> [THE RECORDS]
· · · · ·
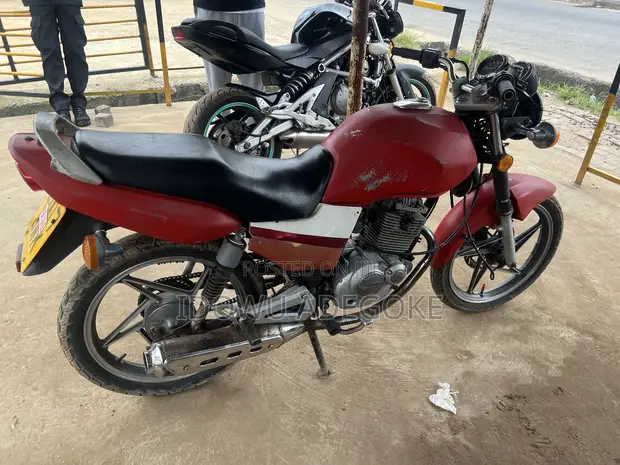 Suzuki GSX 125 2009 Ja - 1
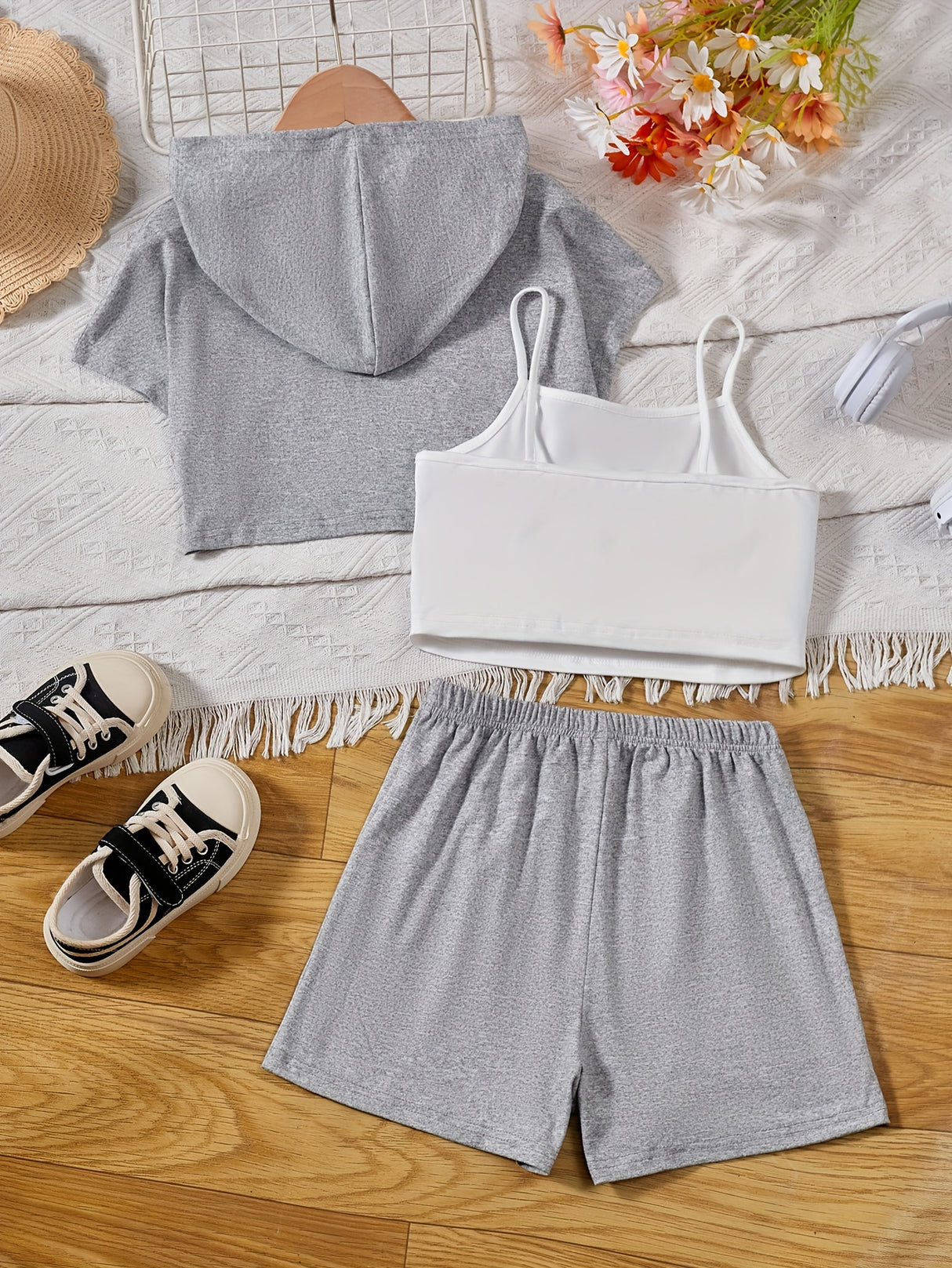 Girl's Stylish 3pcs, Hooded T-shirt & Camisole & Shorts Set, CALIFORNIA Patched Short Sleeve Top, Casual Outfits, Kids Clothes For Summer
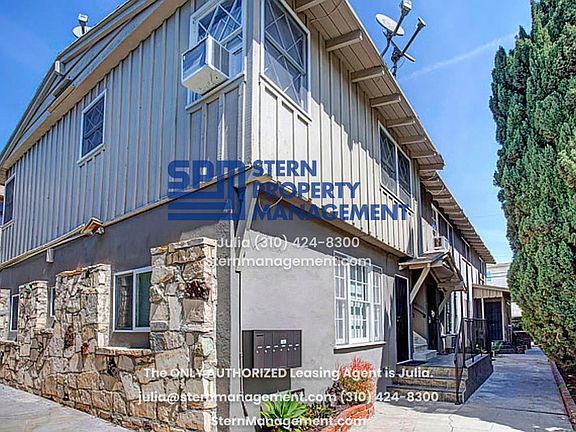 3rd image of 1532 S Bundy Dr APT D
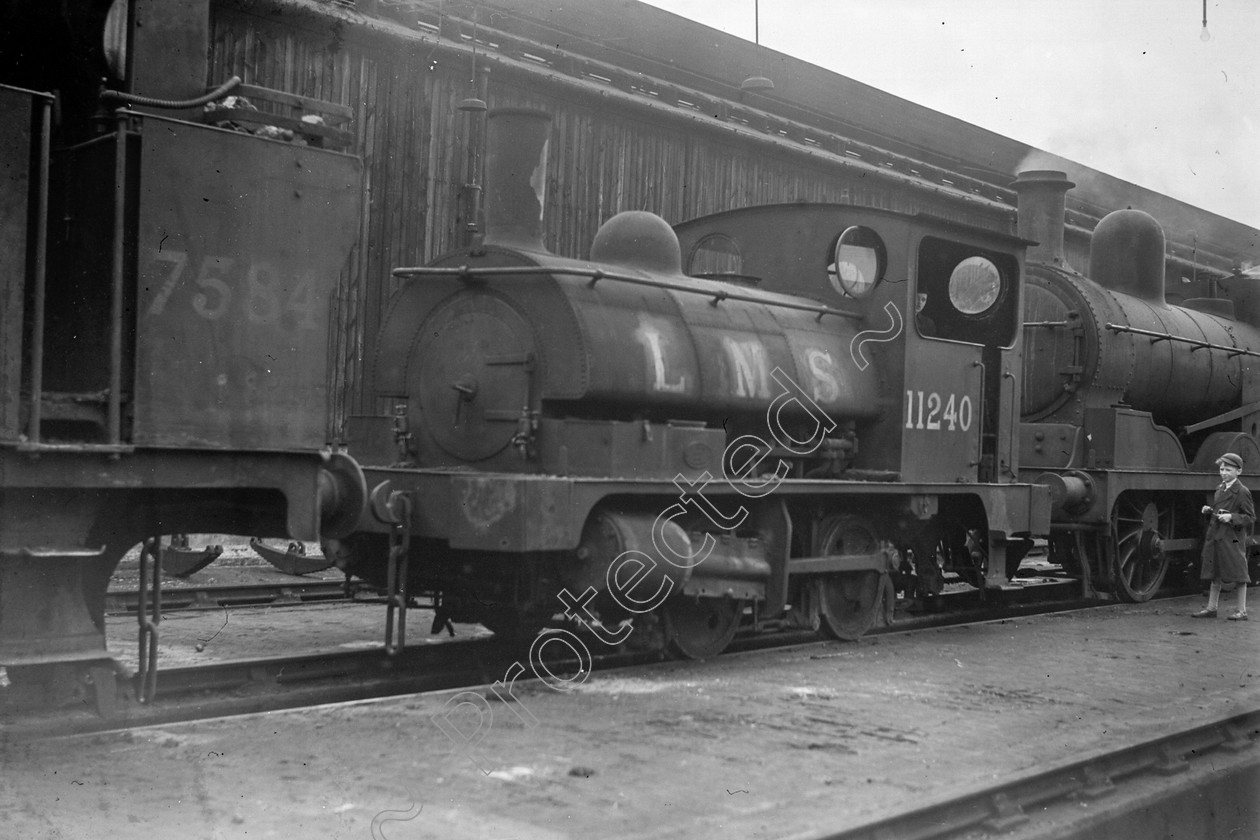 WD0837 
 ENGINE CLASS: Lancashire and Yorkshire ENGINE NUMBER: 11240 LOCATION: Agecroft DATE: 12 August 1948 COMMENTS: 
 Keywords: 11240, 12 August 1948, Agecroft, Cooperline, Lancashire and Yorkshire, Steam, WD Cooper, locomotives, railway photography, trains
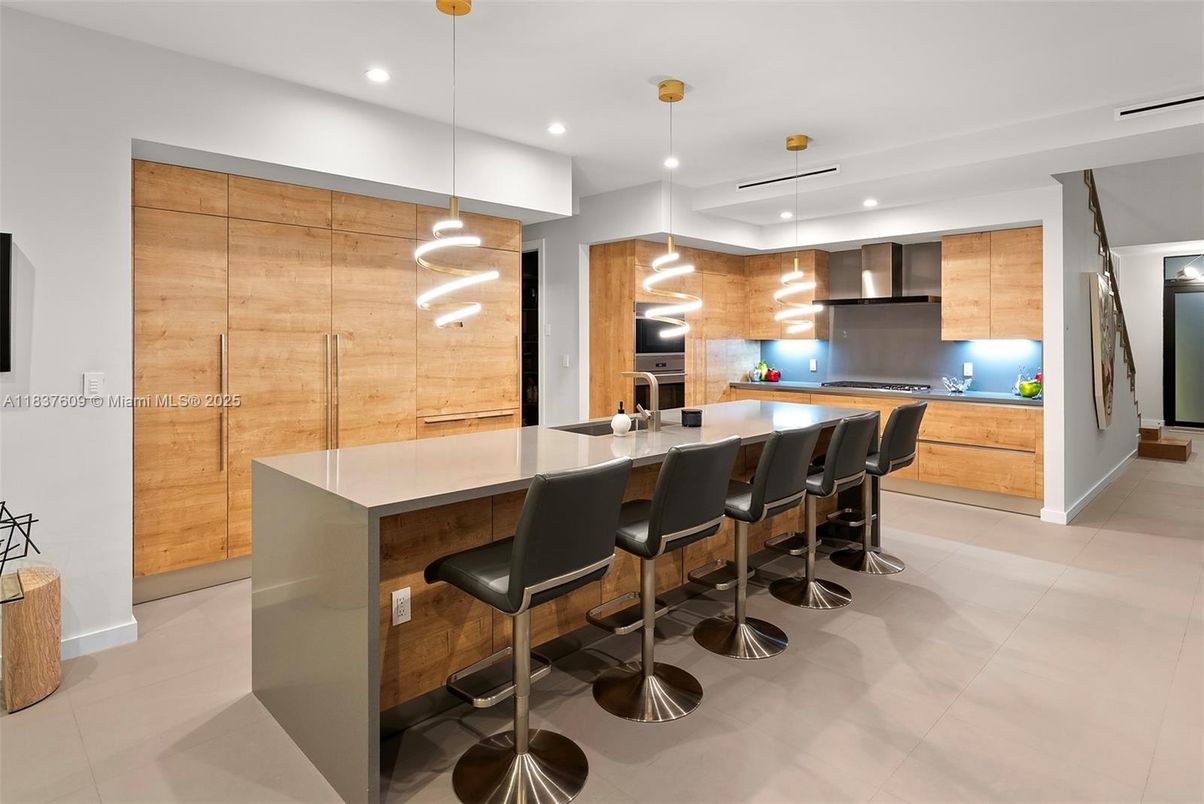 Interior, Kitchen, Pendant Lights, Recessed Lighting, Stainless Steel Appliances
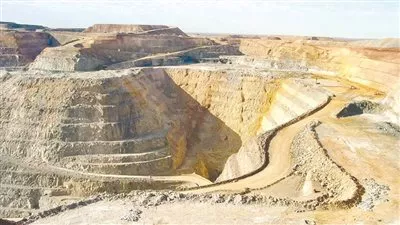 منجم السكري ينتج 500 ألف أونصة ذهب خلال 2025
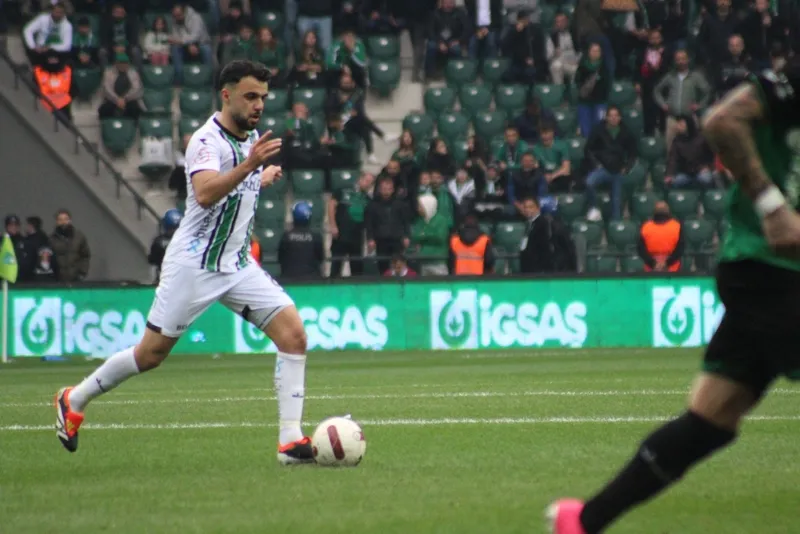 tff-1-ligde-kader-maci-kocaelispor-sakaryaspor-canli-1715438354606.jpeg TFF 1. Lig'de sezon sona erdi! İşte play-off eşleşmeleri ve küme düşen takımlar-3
· · · · ·
> [GOAL OF THE EXERCISE] Copy the lines above exactly, starting at the one with "Keywords: 11240, 12" and ending at the one with "منجم السكري ينتج 500 ألف أونصة ذهب خلال 2025", both included. Leave out any pictures and add nothing else.

> [ANSWER FOR THIS EXERCISE]
 Keywords: 11240, 12 August 1948, Agecroft, Cooperline, Lancashire and Yorkshire, Steam, WD Cooper, locomotives, railway photography, trains
 Interior, Kitchen, Pendant Lights, Recessed Lighting, Stainless Steel Appliances
 منجم السكري ينتج 500 ألف أونصة ذهب خلال 2025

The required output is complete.